**PROBLEM TO WORK ON**
Would you transcribe the records below from the line with "Antique Genuine Opal" to the line with "Load image into", ends included, exactly and with nothing more, leaving the pictures out?

**PROVIDED MATERIAL**

════════════════

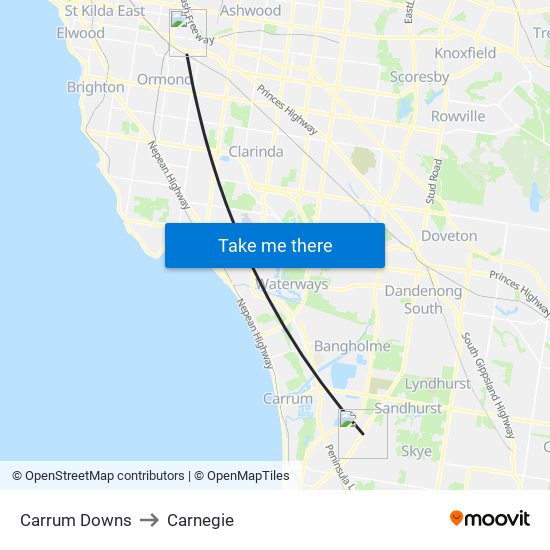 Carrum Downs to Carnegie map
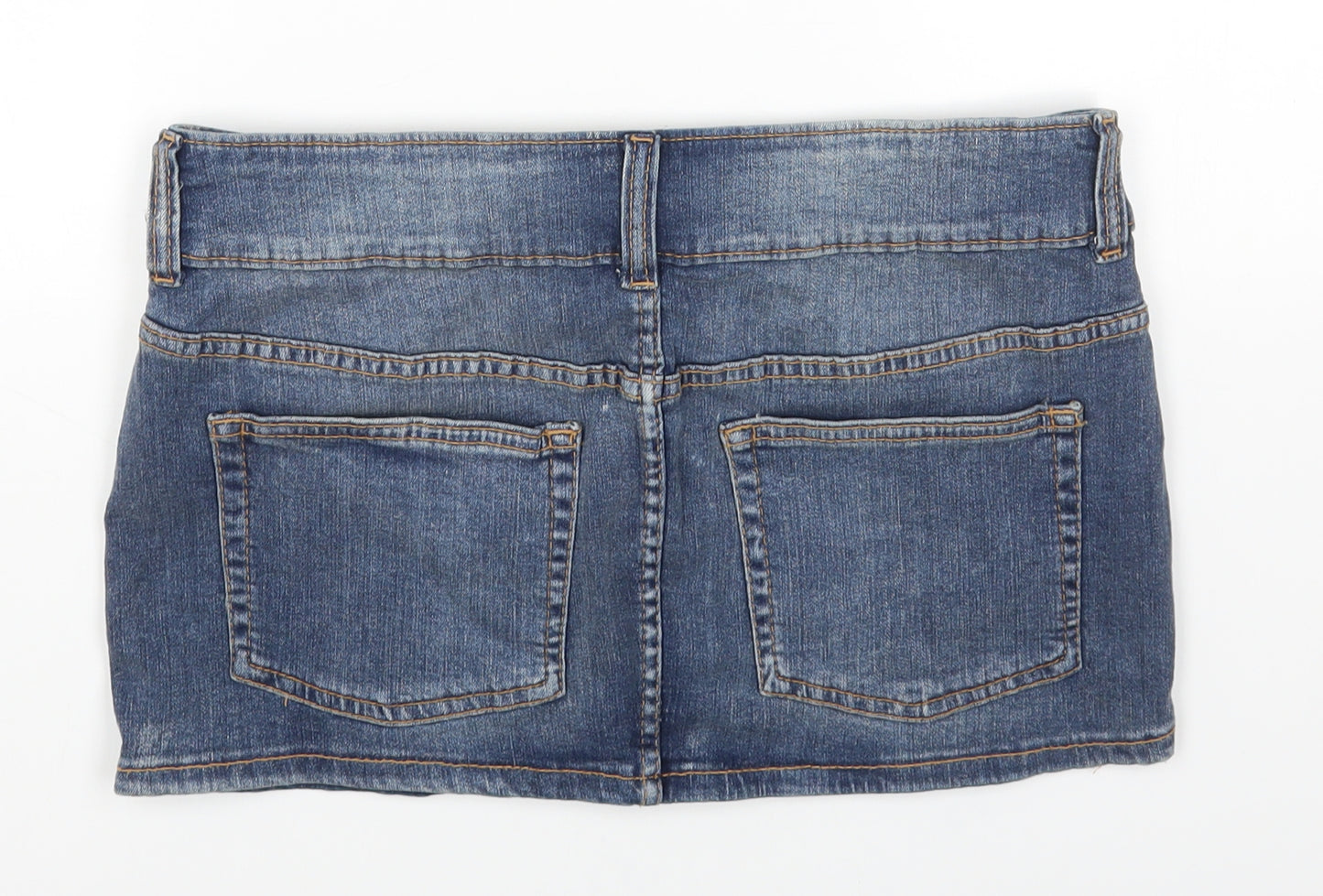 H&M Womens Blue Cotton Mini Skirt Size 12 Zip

════════════════

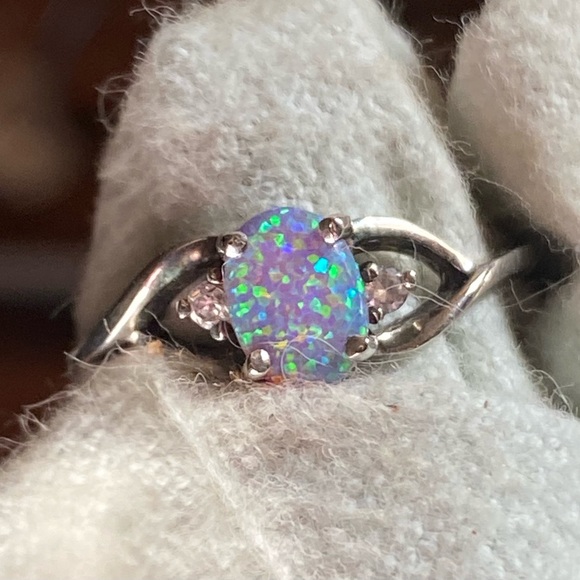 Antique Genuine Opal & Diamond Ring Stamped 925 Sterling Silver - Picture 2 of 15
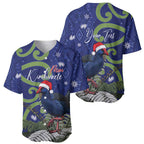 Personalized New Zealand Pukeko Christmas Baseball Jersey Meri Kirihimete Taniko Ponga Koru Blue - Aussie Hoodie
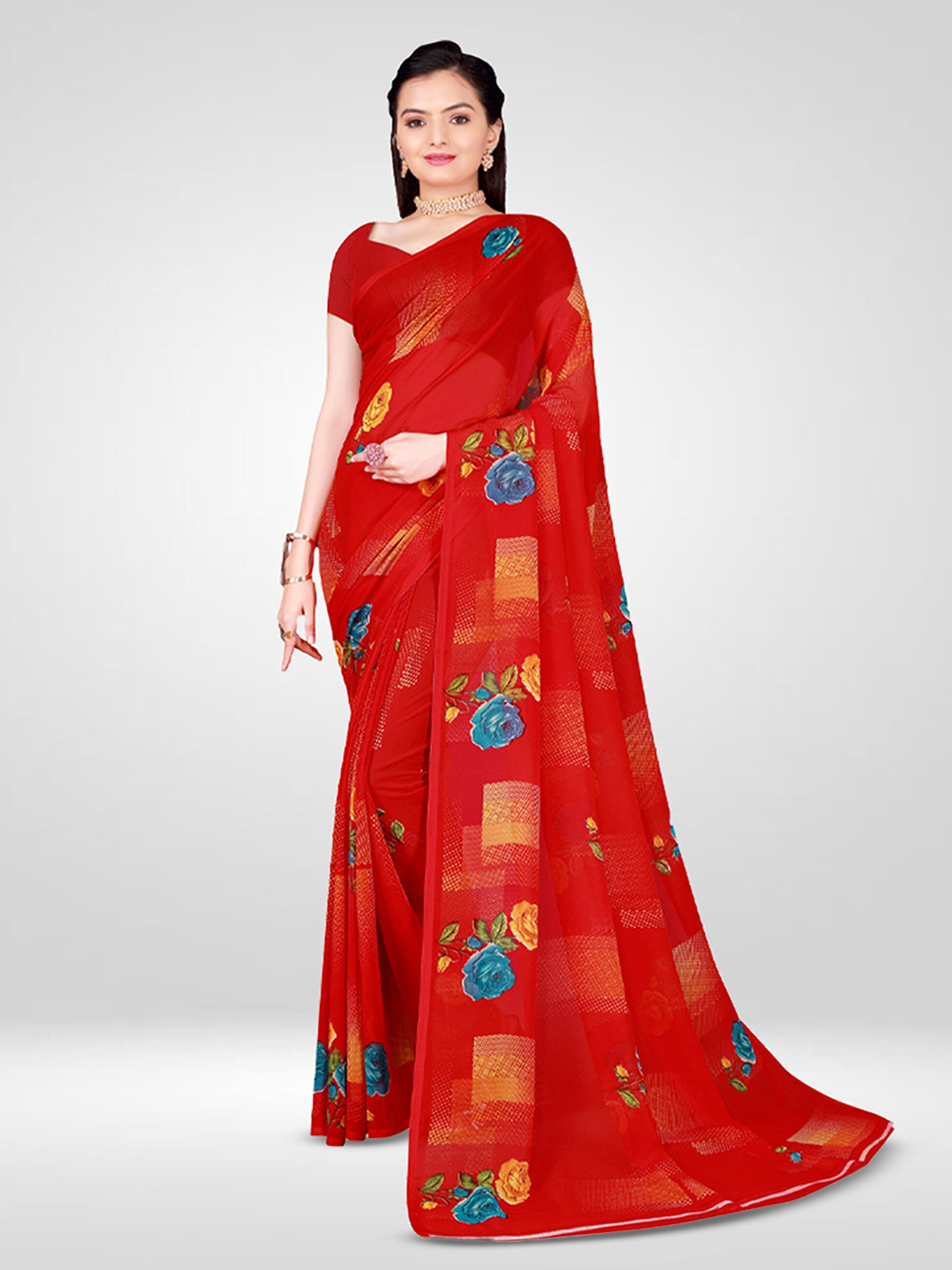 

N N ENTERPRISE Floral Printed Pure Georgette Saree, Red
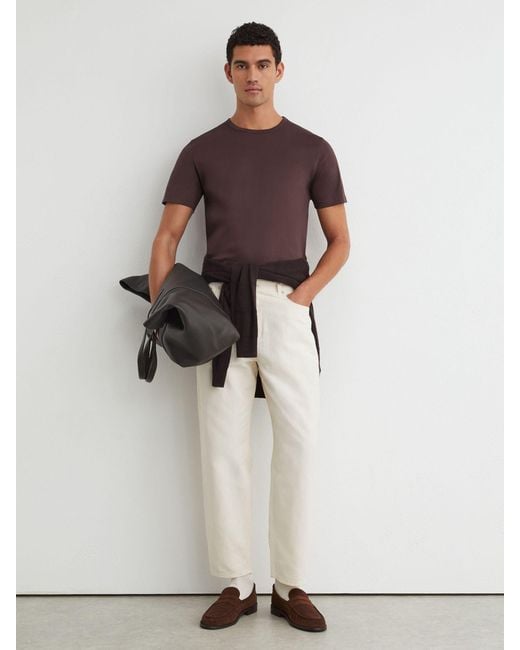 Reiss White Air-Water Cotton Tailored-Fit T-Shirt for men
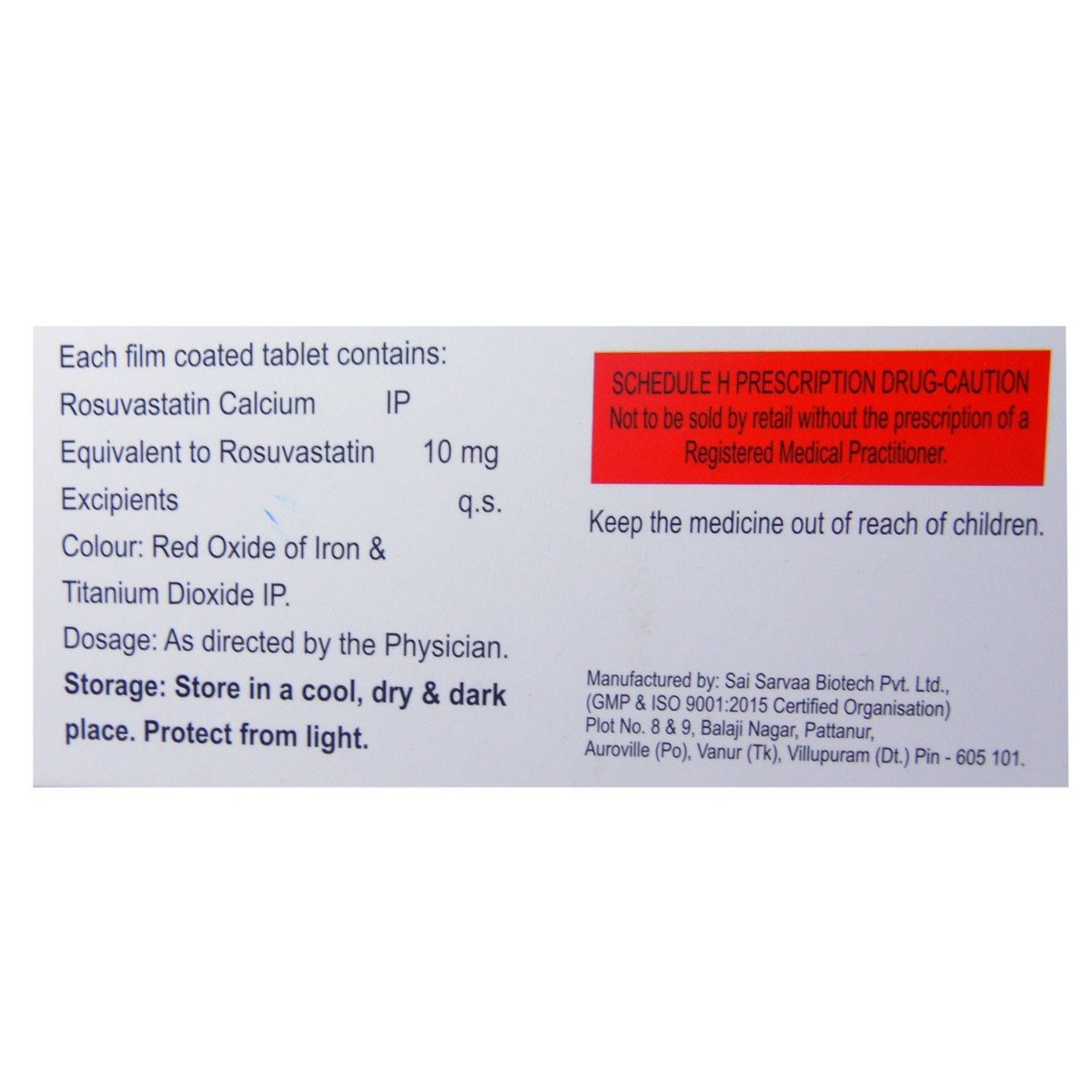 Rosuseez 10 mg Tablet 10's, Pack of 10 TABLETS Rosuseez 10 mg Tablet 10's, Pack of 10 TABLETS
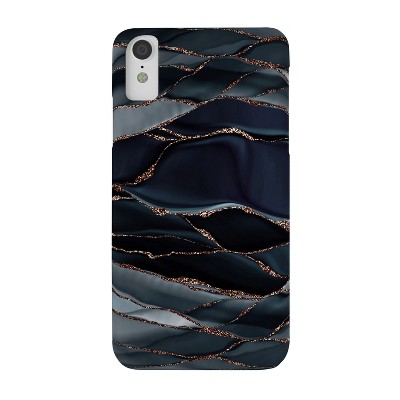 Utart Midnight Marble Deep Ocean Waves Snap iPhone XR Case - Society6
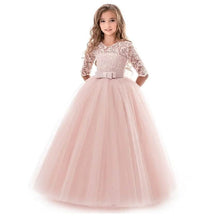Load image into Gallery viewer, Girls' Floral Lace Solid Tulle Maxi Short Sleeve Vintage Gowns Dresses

════════════════

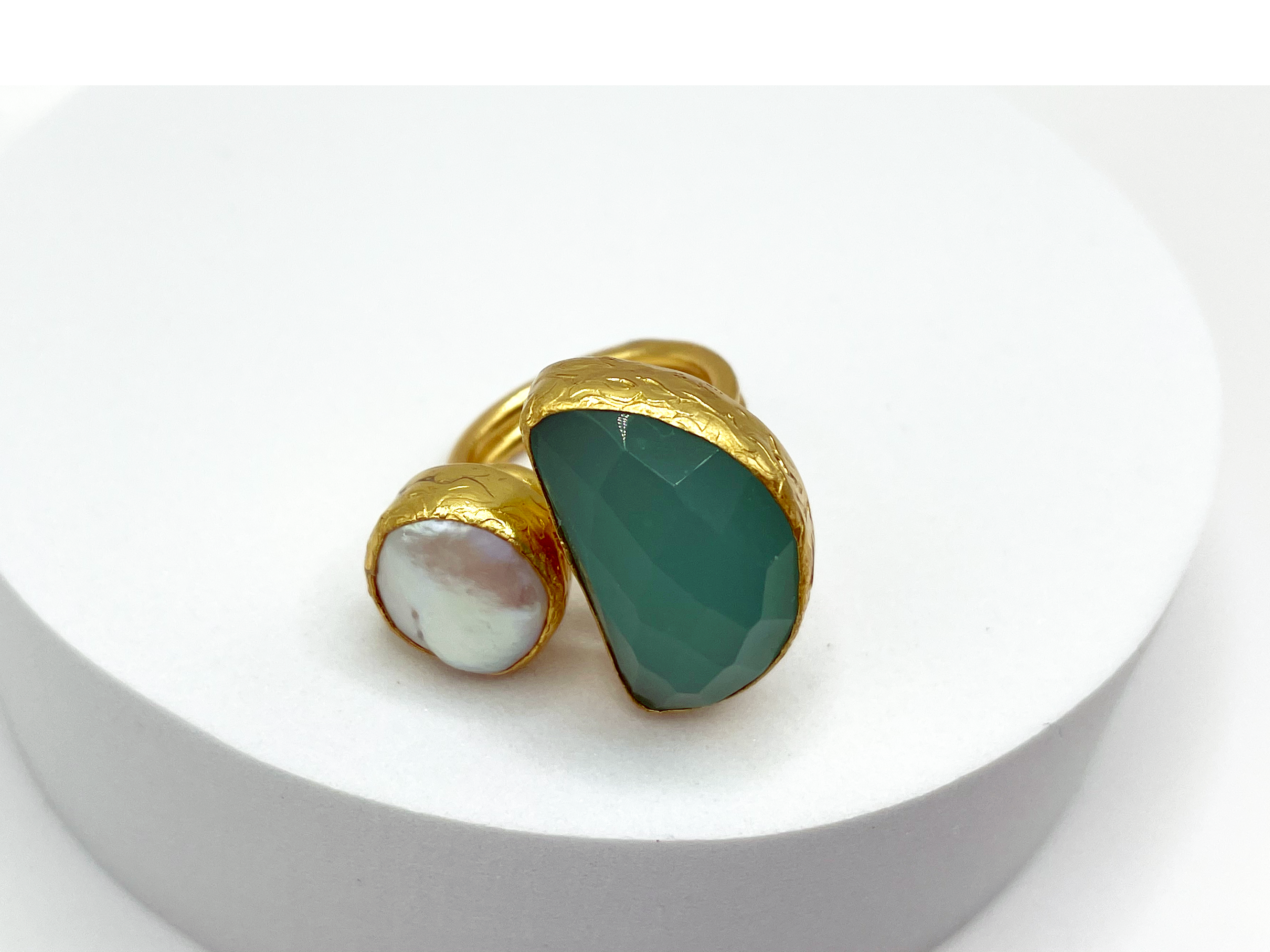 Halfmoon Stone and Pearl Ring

════════════════

**SOLUTION TO THIS EXERCISE**
 Antique Genuine Opal & Diamond Ring Stamped 925 Sterling Silver - Picture 2 of 15
 Personalized New Zealand Pukeko Christmas Baseball Jersey Meri Kirihimete Taniko Ponga Koru Blue - Aussie Hoodie

N N ENTERPRISE Floral Printed Pure Georgette Saree, Red
 Reiss White Air-Water Cotton Tailored-Fit T-Shirt for men
 Rosuseez 10 mg Tablet 10's, Pack of 10 TABLETS Rosuseez 10 mg Tablet 10's, Pack of 10 TABLETS
 Utart Midnight Marble Deep Ocean Waves Snap iPhone XR Case - Society6
Load image into Gallery viewer, Girls' Floral Lace Solid Tulle Maxi Short Sleeve Vintage Gowns Dresses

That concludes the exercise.